In Cooking for Two, the test kitchen’s goal was to take traditional recipes and cut them down to size—to serve just two—with tailored cooking techniques and smart shopping tips that will cut down on wasted food and wasted money. Great lasagna starts to lose its luster when you’re eating the leftovers for the fourth day in a row. While it may seem obvious that a recipe for four can simply be halved to work, our testing has proved that this is not always the case; cooking with smaller amounts of ingredients often requires different preparation techniques, cooking time, temperature, and the proportion of ingredients. This was especially true as we worked on scaled-down desserts; baking is an unforgiving science in which any changes in recipe amounts often called for changes in baking times and temperatures.
Just because you’re cooking for two doesn’t mean that dinner can’t be fresh, flavorful, and exciting. We’ve provided a wide range of meals from simple skillet suppers, pasta dishes roasts, and soups to special occasion dinners with more complex flavors like Pan-Roasted Duck Breasts with Dried Cherry Sauce and Roasted Rack of Lamb with Whisky Sauce. You’ll also find entire chapters on outdoor grilling and barbecuing, and lighter meals with included nutritional information.
Some of the recipes were surprisingly hard to cut down to size. Our classic Herbed Roast Pork Tenderloin recipe called for butterflying two separate pork tenderloins, rubbing an herb spread in the middle, then sandwiching them together, which kept the herb butter in place. To make this dinner for two, we needed to cook only one tenderloin, making this technique obsolete. The solution was pounding one tenderloin out flat, then rubbing it with the herb butter, and rolling up the meat tight, keeping the butter and the flavor inside, which also had the added benefit of creating a perfect spiral of herbs when sliced.

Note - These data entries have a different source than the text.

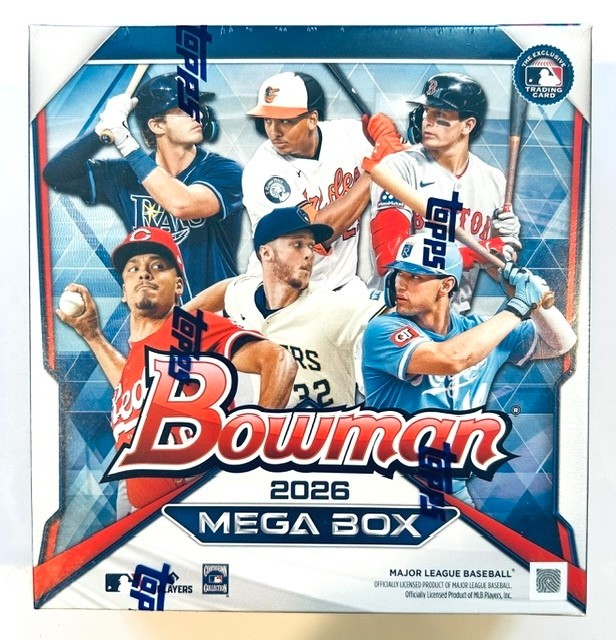 2026 Bowman Mega Box Baseball Cards Factory Sealed In Hand Free Ship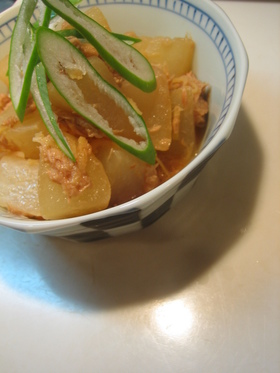 大根とツナの生姜煮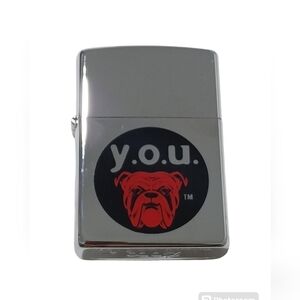 Vintage Retired New Unstruck Silver Zippo Red‎ Dog Y.O.U. Lighter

Other scaled-down recipes required a change in cooking equipment as well as a change in ingredient amounts. For our Blueberry Crumble, we thought we could just use a smaller baking dish. But when baked, the blueberry filling bubbled out and over. By adding a thicker, heavier layer of our crumb topping, we kept the blueberries at bay. And when we substituted a standard casserole dish with a smaller loaf pan, our scaled-down Baked Lasagna made just the right amount for two, not a whole tray for ten.

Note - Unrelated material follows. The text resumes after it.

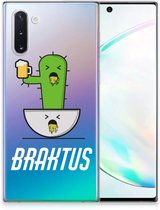 Geschikt voor Samsung Galaxy Note 10 Telefoonhoesje met Naam Braktus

With Cooking for Two, smaller households can create satisfying and delicious meals that are perfectly proportioned for one or two diners. Just making one or two meals that use up extra ingredients you have in the fridge, or prevent leftover ingredients in the first place, will more than pay for the price of the book itself. As you’ll see, saving money and eating well at home can easily go hand in hand- with the right recipes.